Print a faithful copy of the data below, word for word, with the pictures left out.

**** Data

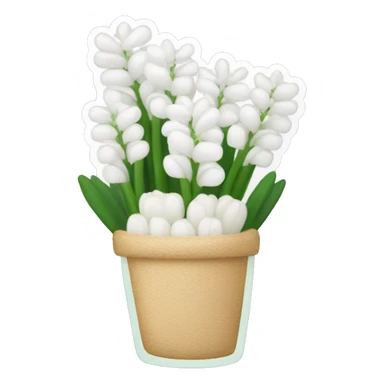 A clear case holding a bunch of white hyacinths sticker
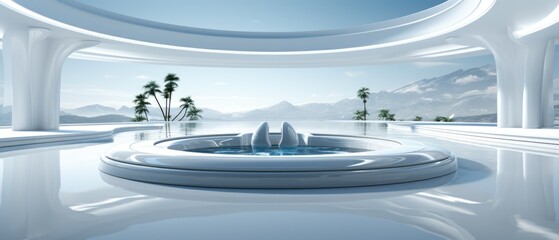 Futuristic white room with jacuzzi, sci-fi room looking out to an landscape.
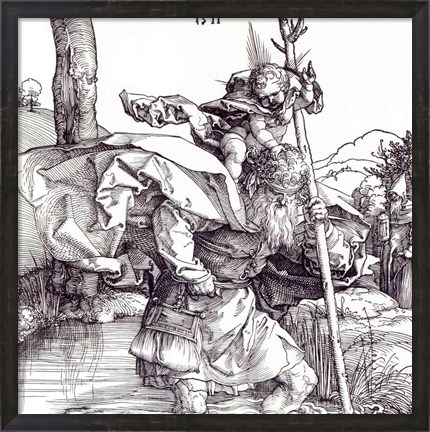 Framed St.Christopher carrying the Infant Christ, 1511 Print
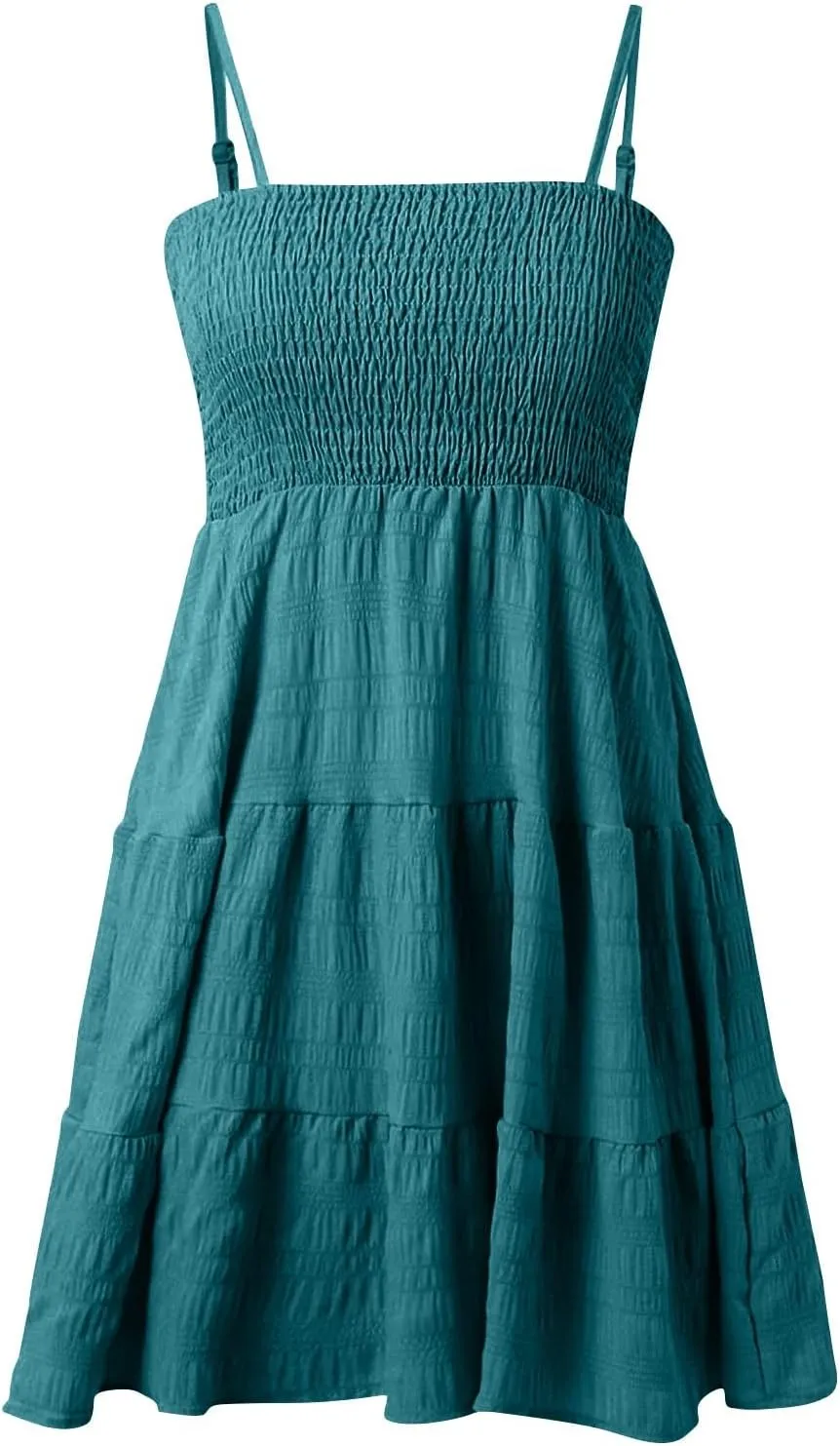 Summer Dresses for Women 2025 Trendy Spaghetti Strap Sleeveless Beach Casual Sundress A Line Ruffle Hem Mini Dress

********

Response:
 A clear case holding a bunch of white hyacinths sticker
 Futuristic white room with jacuzzi, sci-fi room looking out to an landscape.
 Framed St.Christopher carrying the Infant Christ, 1511 Print
 Summer Dresses for Women 2025 Trendy Spaghetti Strap Sleeveless Beach Casual Sundress A Line Ruffle Hem Mini Dress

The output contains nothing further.